• REQUIRED WORK:
Output the listing exactly, without its pictures.

• DATA EXCERPT:
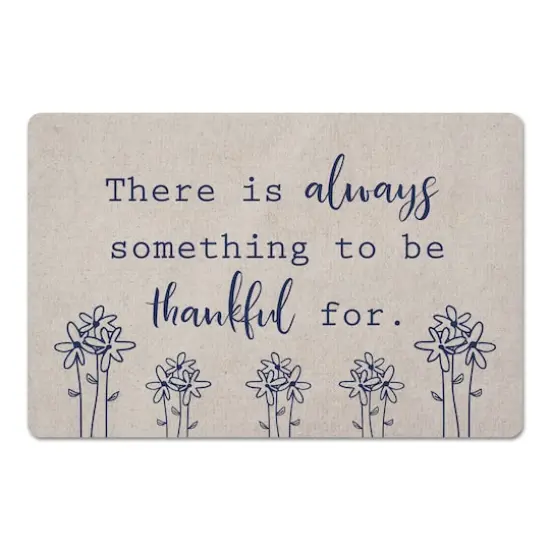 Be Thankful Florals 27" x 18" Floor Mat {4}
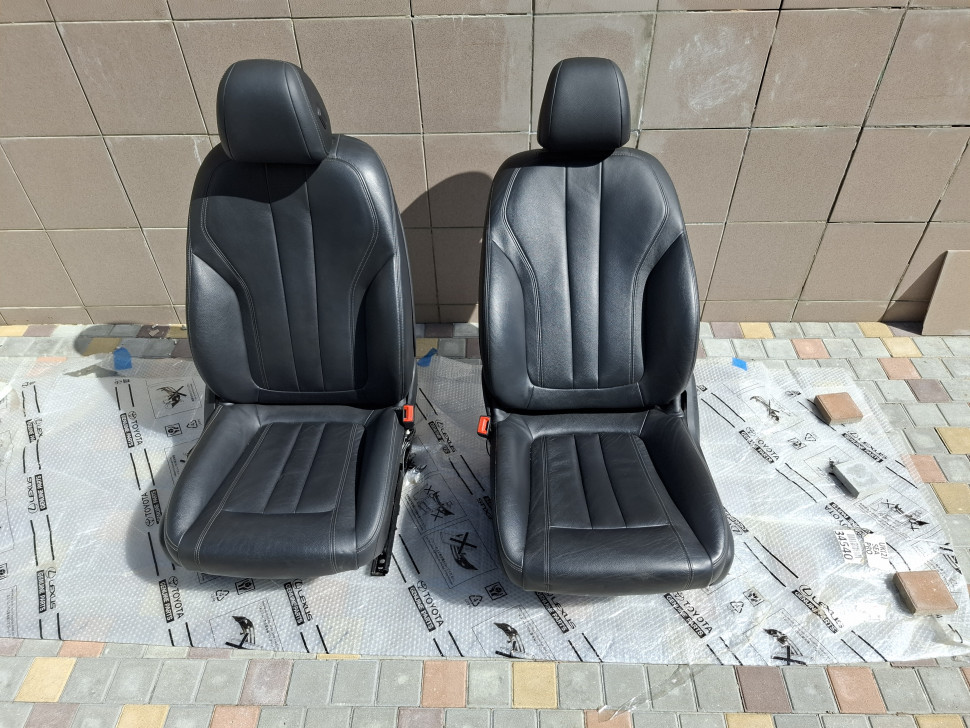 Сидение ВОДИТЕЛЯ BMW 7 G11 G12 2016-22 с airbag кожа черная сиденья БМВ 7 52107363143 52107363144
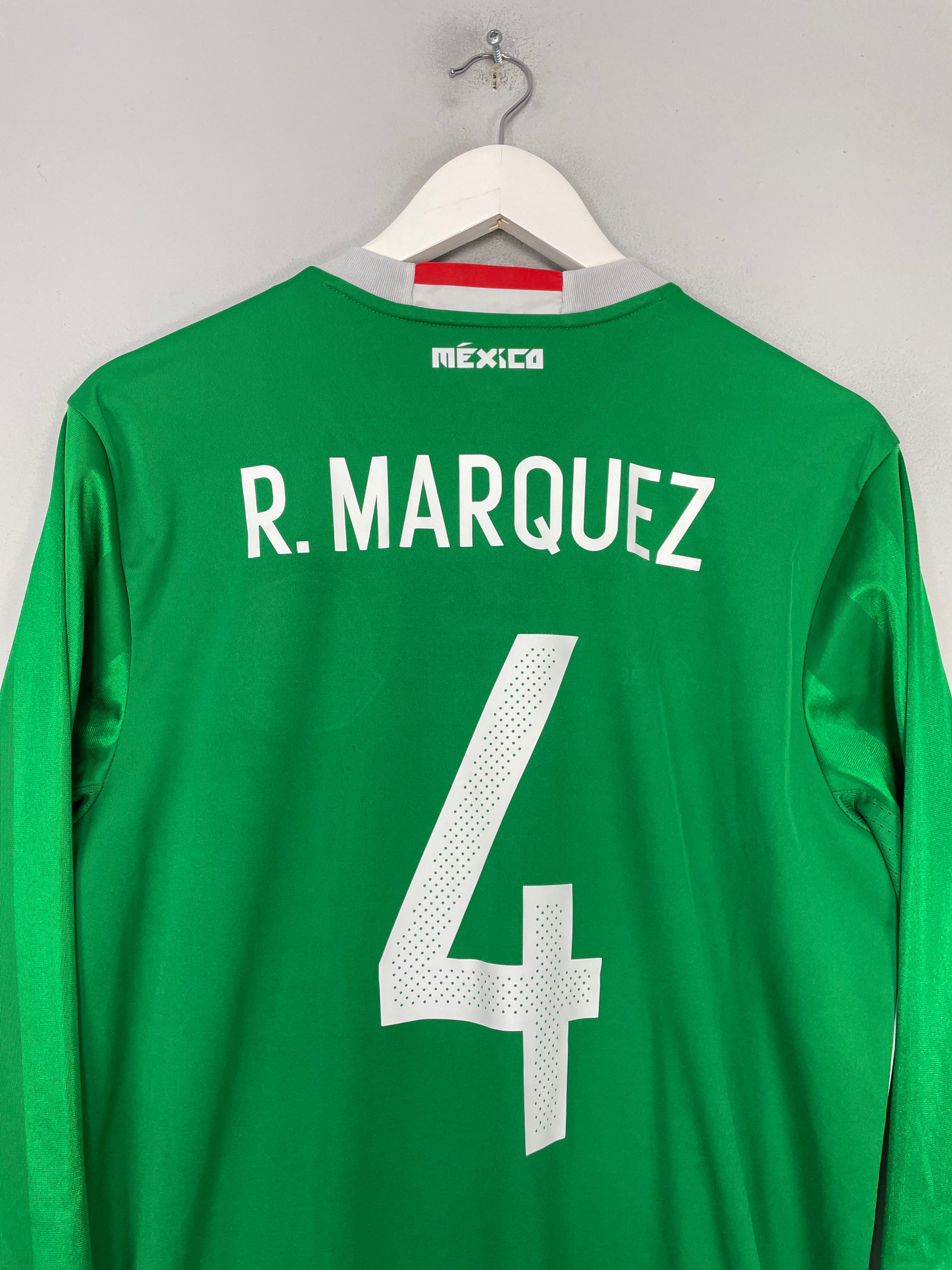 Shop 2016/17 MEXICO R.MARQUEZ #4 L/S HOME SHIRT (L) ADIDAS, classic football shirts, vintage football shirts & retro soccer jerseys at Cult Kits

• RESPONSE AREA:
 Be Thankful Florals 27" x 18" Floor Mat {4}
 Сидение ВОДИТЕЛЯ BMW 7 G11 G12 2016-22 с airbag кожа черная сиденья БМВ 7 52107363143 52107363144
 Shop 2016/17 MEXICO R.MARQUEZ #4 L/S HOME SHIRT (L) ADIDAS, classic football shirts, vintage football shirts & retro soccer jerseys at Cult Kits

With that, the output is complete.